The purpose of a safety rodeo is to test the Soldier's skill on their assigned vehicle including vehicle operation, team work, and safety.
The vehicle operator is required to drive through a series of stations which simulate practical conditions the Soldier might encounter while on mission. At each station the operator is rated for both time and skill.
At the end of the rodeo the scores are tallied and the winner earns bragging rights as the top operator, said Sgt. Humberto Sanchez, who has been in the Army for more than 7 years and has participated in 11 similar rodeos. In 10 of those rodeos, Sanchez earned the top operator bragging rights.
To earn the bragging rights as top operator, the driver must maneuver their truck through four stations with a flatbed semitrailer.
According to Sgt. Xavier Salone, who has been in the Army for over 9 years and has participated in six rodeos, the specific truck used is a military tractor-trailer used in transportation companies for the purpose of rapid and efficient transportation of supplies and equipment.
At each station the driver is required to position the truck and trailer so that equipment can either be loaded or unloaded from the trailer.
The operator must exercise skill maneuvering the truck and trailer into the yard and staging it to be loaded. Points are calculated according to the number of attempts used to position the truck and trailer as well as the speed and safety exercised, said Salone, the noncommissioned officer in charge of the central receiving shipping point, or CRSP, yard for the 359th Inland Cargo Transport Company and a La., native.
Drawing on experience from the prior rodeos, Salone incorporated all aspects of the mission requirements while emphasizing skill and safety.
Using the mission necessary equipment, Salone created the stations involving a forklift, a container handler, and the tractor-trailer.
The rodeo was inspired by an accident in a different battalion, Sanchez said.
"A load was dropped and a Soldier was injured," Sanchez said, which made the 515th examine the issue of safety.
Sanchez wanted something that would be fun, competitive, and emphasize safety.
There are four stations, each one testing the Soldier's skills in quickly backing, loading or unloading equipment from the tractor-trailer. Once each station is complete, the Soldier is required to proceed through each station in reverse order.
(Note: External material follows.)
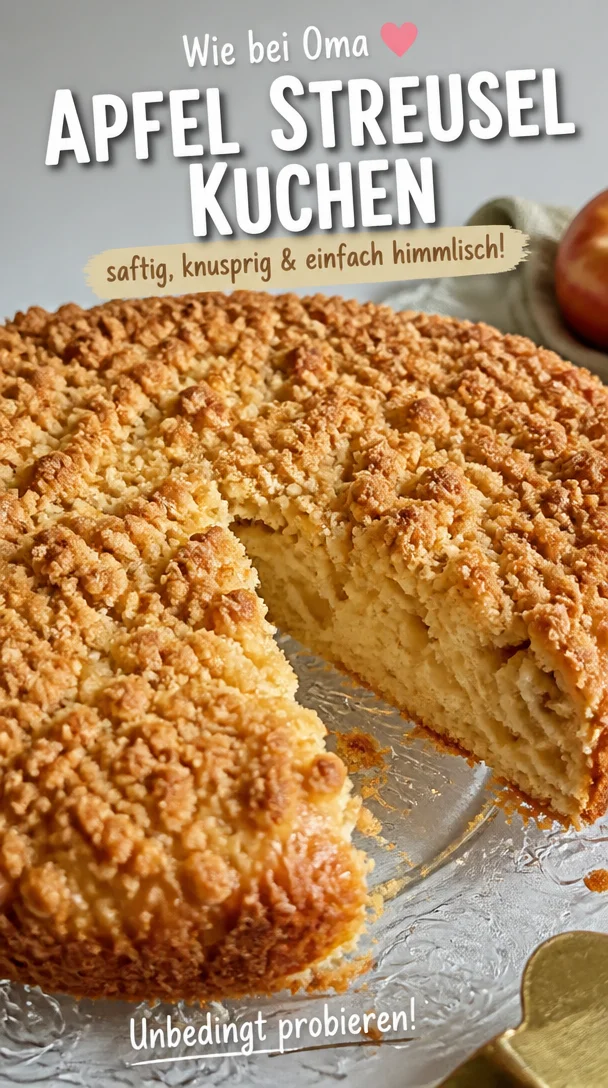 Apfel Streuselkuchen Rezept: Verf&uuml;hrerisch saftig & knusprig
The competition itself has been a work in progress - the first safety rodeo was scheduled for Sept. 18 with three teams competing. However, a convoy came in and the Soldiers had to go to work, shortening the time of the rodeo
"The mission comes first," Salone said, and the rodeo was rescheduled for Oct. 3.
"The hardest thing is to schedule the rodeo around the mission and to allow the Soldiers enough time to practice," he said.
Due to mission requirements, several quick changes had to be made on the day of the rodeo, but the competition continued.
There were three teams of three Soldiers in the competition, and in the end, the bragging rights went to Pfc. Adam Ridgway, Spc. Angela Otero and Spc. Meinardo Benitez. According to Salone, this team had the best time and was the most efficient while operating the equipment safely.
"It feels great!" said Ridgway, a truck driver from Iowa.
To earn the top operator title, Ridgway had to back a forklift off the flatbed trailer, drive it into a container, pick up a load of boxes and load them onto the trailer.